Mr Joblin has expressed the opinion that the applicant had a fragile psychological state and that he was not always compliant with medication. Mr Joblin refers to a degree of paranoia developing in the applicant and states that the applicant “would rationalise his behaviour in terms of concern over threatening phone calls which he would receive”.
As stated by Gillard J in DPP v Harika,[1] in determining the issue of whether an applicant has shown cause under s.4(4) of the Bail Act, it is necessary to identify the factors which led the legislation to decree that bail should be refused in the circumstances set out in that section. Of course, the relevant factors will depend on the circumstances of each case.
[1][2001] VSC 237.
In the case before me there is evidence which, if accepted by a jury, will establish that the applicant was motivated by malice towards Mr Waite and his business and that the applicant's actions on the night were carefully planned and involved a significant risk of substantial damage to the premises of Waite Robson, and that damage and injury to property and persons in the near vicinity might occur.

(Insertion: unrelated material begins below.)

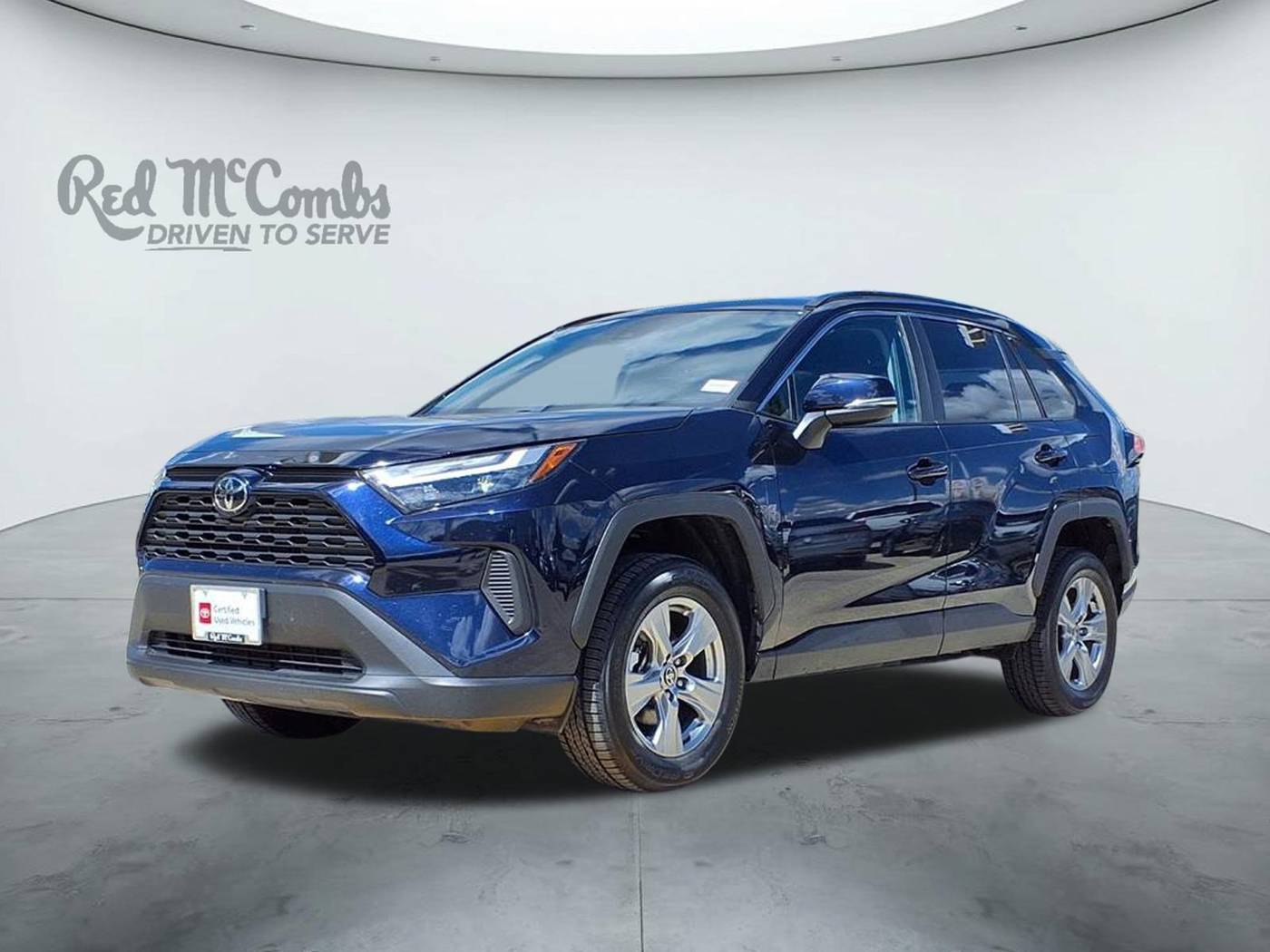 2024 Toyota RAV4 XLE — SUV — 32,786 mi — San Antonio, TX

It is apparent on the material before me that the applicant was under considerable psychological stress at the time. Apart from his suggestion to police that it was a joke, however, no other explanation for his behaviour has been forthcoming.

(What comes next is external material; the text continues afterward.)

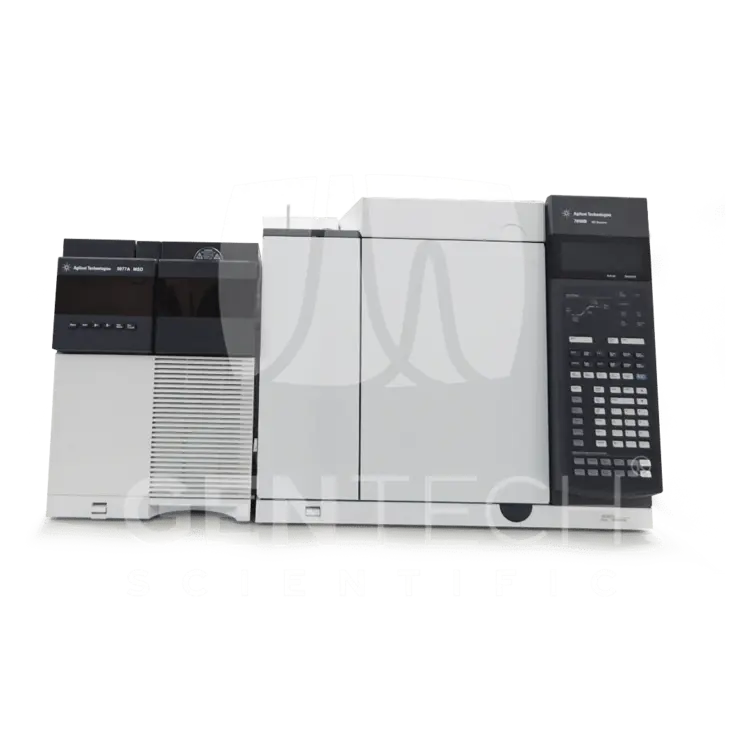 Used AGILENT TECHNOLOGIES 5977 GC Systems New York US | GenTech Scientific #1447272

As stated by me in the course of the hearing, it appears to me that his conduct, if proved by the Crown, was either an act of significant criminality and/or a result of highly irrational behaviour brought about by serious psychological problems.

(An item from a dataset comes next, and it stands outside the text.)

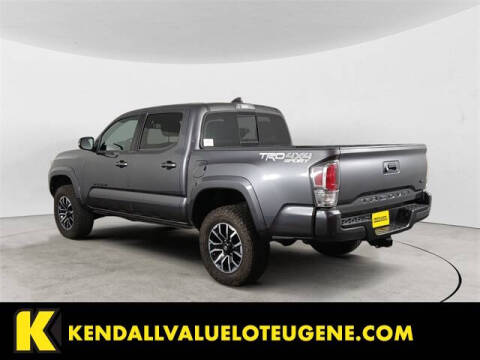 2021 Toyota Tacoma TRD Sport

On the material before me and notwithstanding the statements made to Mr Joblin by the applicant that he now harbours no resentment towards Mr Waite, I have no confidence that the circumstances which led to the actions of the applicant on 7 June 2003 will not continue to exist whilst he is on bail, if he is so bailed, with a consequent risk of further offending.
In the circumstances before me where the case against the applicant is, in my view, strong, where there is a high probability that he will be sentenced to a term of imprisonment of some considerable length if convicted, where the potential for harm caused by his alleged behaviour was great, and where the alleged behaviour of the applicant was highly unpredictable and irrational, but at the same time apparently carefully planned, the applicant has failed to allay the concerns which induced the legislature to refuse bail in these circumstances and he has failed to show cause why his detention in custody is not justified.
Finally I should add that amongst the other matters to which I have given consideration, the issue of delay is of concern. There is, as I have said, weight in the matters relied upon by the applicant in favour of granting bail and further delay will only exacerbate those concerns.
The evidence is that the likelihood is that this proceeding will not be heard in Horsham until April or May of 2003. In my view, the case should be given such priority as is possible and if the vagaries of circuit create delay, the parties should consider an application to bring the matter to trial, either in Melbourne or another circuit city.
However, in the circumstances, the application for bail is dismissed.